This new discovery centers around a cell-signaling protein, opening up potential avenues for therapeutic interventions.

The study, led by Gina Razidlo, Ph.D., and published in Cell Reports, delves into the process of metastasis—the way cancer cells spread from their original site to other parts of the body.

The researchers focused on pancreatic cancer cells, particularly those driven by mutations in the KRAS gene, a common oncogene in pancreatic cancer.

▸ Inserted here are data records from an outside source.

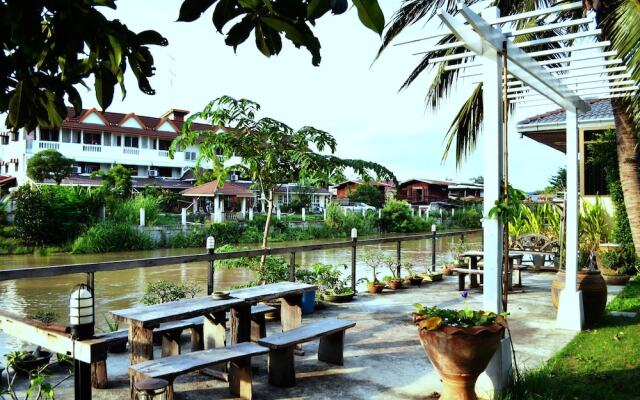 1301Hostels Ayutthaya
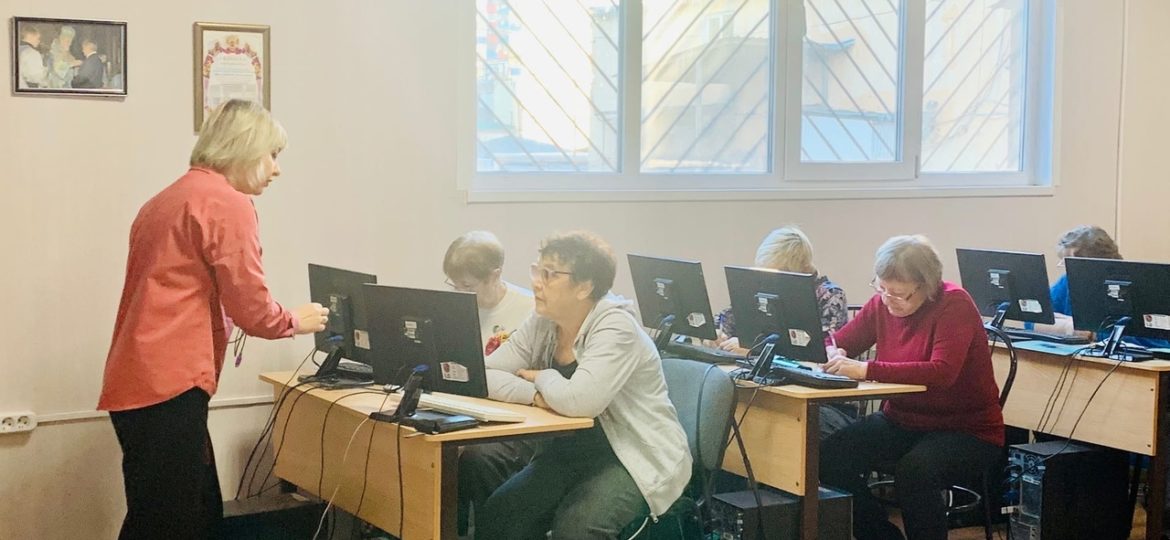 Компьютеризация старшего поколения набирает обороты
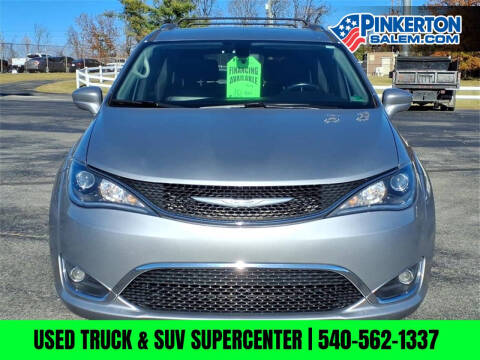 2020 Chrysler Pacifica Touring L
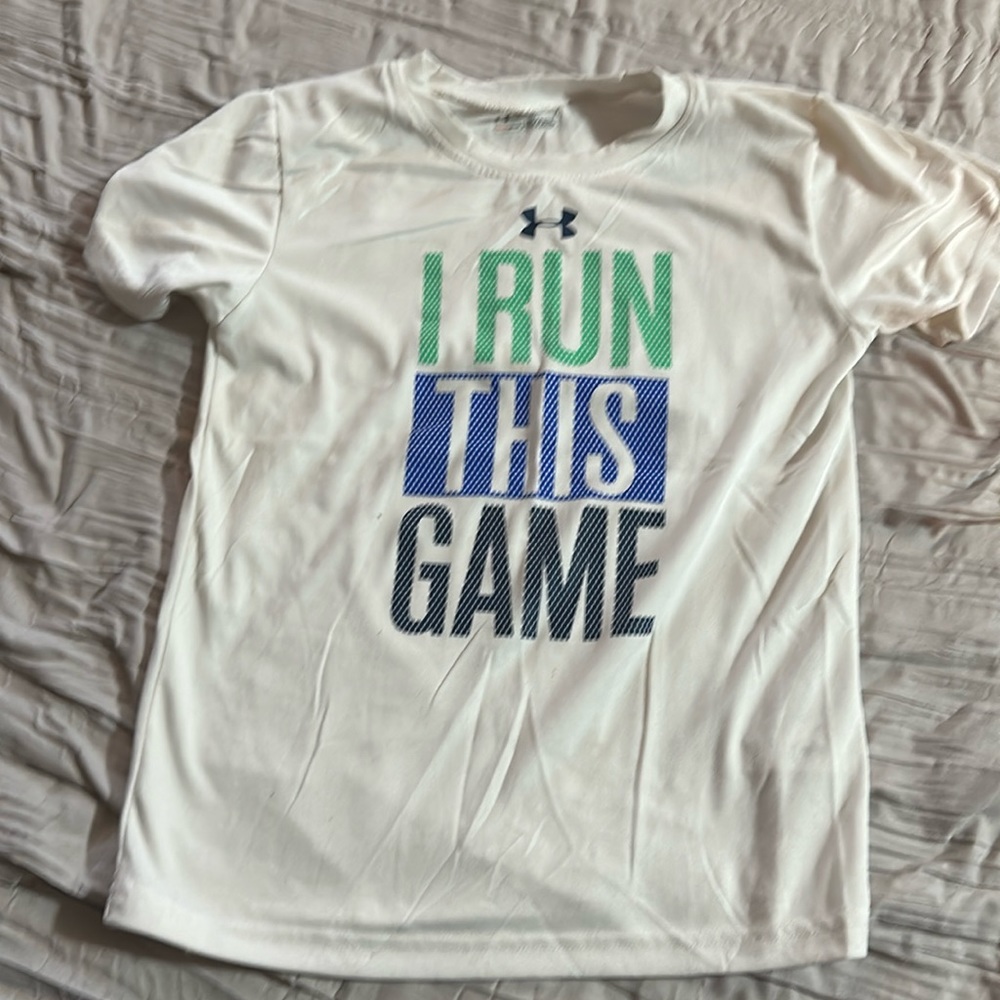 Boys size 7 T-shirt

Cancer cells, including those in pancreatic tumors, adapt their metabolism to thrive in nutrient-poor environments.

They do this by altering lysosomes, which are like the cell’s stomach, packed with enzymes that break down proteins and nutrients. Enhanced lysosome activity is known to be a feature of various cancers.

Dr. Razidlo and lead author Omar Gutierrez Ruiz, Ph.D., conducted a detailed study of lysosomes in pancreatic cancer cells.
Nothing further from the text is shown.